U.S. generally accepted accounting principles require the Company to examine its tax positions for uncertain positions. Management is not aware of any tax positions that are more likely than not to change in the next 12 months, or that would not sustain an examination by applicable taxing authorities. The Company’s policy is to recognize penalties and interest as incurred in its Consolidated Statements of Operations. None were included for the years ended December 31, 2015, 2016 and 2017. The Company’s federal and various state income tax returns for 2014 through 2017 are subject to examination by the applicable tax authorities, generally for three years after the later of the original or extended due date.

 

Basic and Diluted Net Income Per Share: Net income per share is based on the weighted average number of common shares outstanding during the respective year.
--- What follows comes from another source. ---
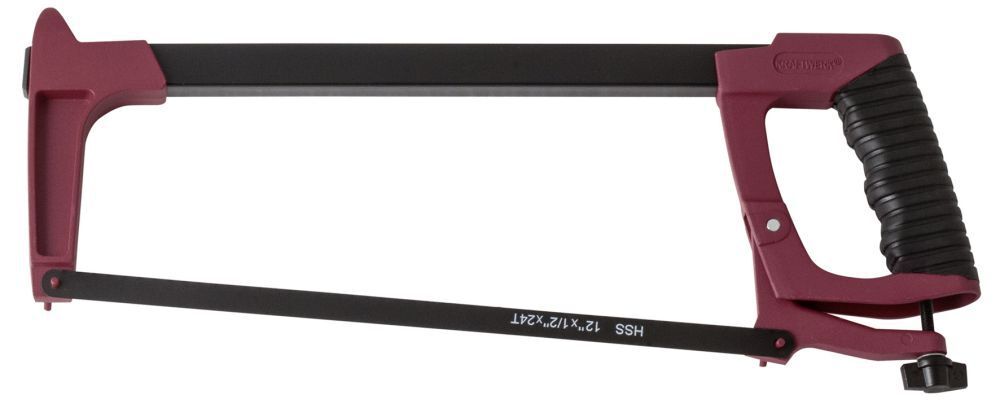 KRAFTWERK Metallsägebogen 300 mm Bimetall Blatt Produktbild KRAFTWERK Metallsägebogen 300 mm Bimetall Blatt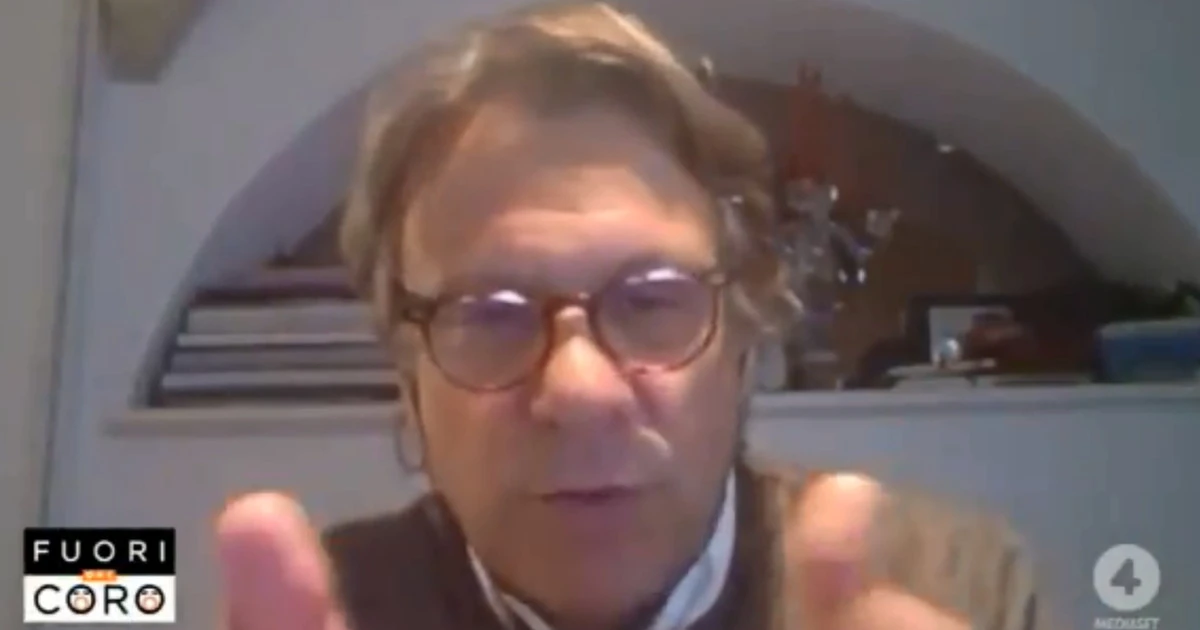 Fuori dal Coro, Nicola Porro scatenato contro Giuseppe Conte: "Banche, ma quale atto d'amore?"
When dilutive, stock options and warrants are included as share equivalents using the treasury stock method.

 

The following table sets forth the calculation of basic and diluted earnings per share for the year ended December 31, 2015:

 

    Income     Shares     Per Share  
    (Numerator)     (Denominator)     Amount  
Earnings per share – basic                  
Net income     785,778       20,517,846     $ 0.04  
Effect of dilutive securities                        
Options     -       921,396          
Diluted earnings per share                        
Net income   $ 785,778       21,439,242     $ 0.04  

 

The following table sets forth the calculation of basic and diluted loss per share for the year ended December 31, 2016:

 

    Income     Shares     Per Share  
    (Numerator)     (Denominator)     Amount  
Loss per share – basic                  
Net loss     (870,840 )     20,781,886     $ (0.04 )
Effect of dilutive securities                        
Options     -       32,845          
Convertible notes     -       393,442          
Diluted loss per share                        
Net loss   $ (870,840 )     21,208,173     $ (0.04 )

 

The following table sets forth the calculation of basic and diluted loss per share for the year ended December 31, 2017:

 

    Income     Shares     Per Share  
    (Numerator)     (Denominator)     Amount  
Loss per share – basic                  
Net loss     (3,384,927 )     20,783,032     $ (0.16 )
Effect of dilutive securities                        
Options             222,624          
Convertible notes     345,208       4,698,630          
Diluted loss per share                        
Net loss   $ (3,039,719 )     25,704,286     $ (0.16 )

 

(1) Net loss per share is shown the same as basic loss per share because the underlying dilutive securities have an anti-dilutive effect.

 

Subsequent Events: The Company evaluated subsequent events through the date the consolidated statements were issued and filed with the annual report In January 2018, the Company opened its third Craft Pizza & Pub and, in March 2018, the Company signed a lease and began development of the fourth Craft Pizza & Pub. In February 2018, the holder of $100,000 convertible note elected to convert that note to 200,000 shares of common stock in accordance with the terms of the note.

 

No subsequent event required recognition or disclosure except as discussed above.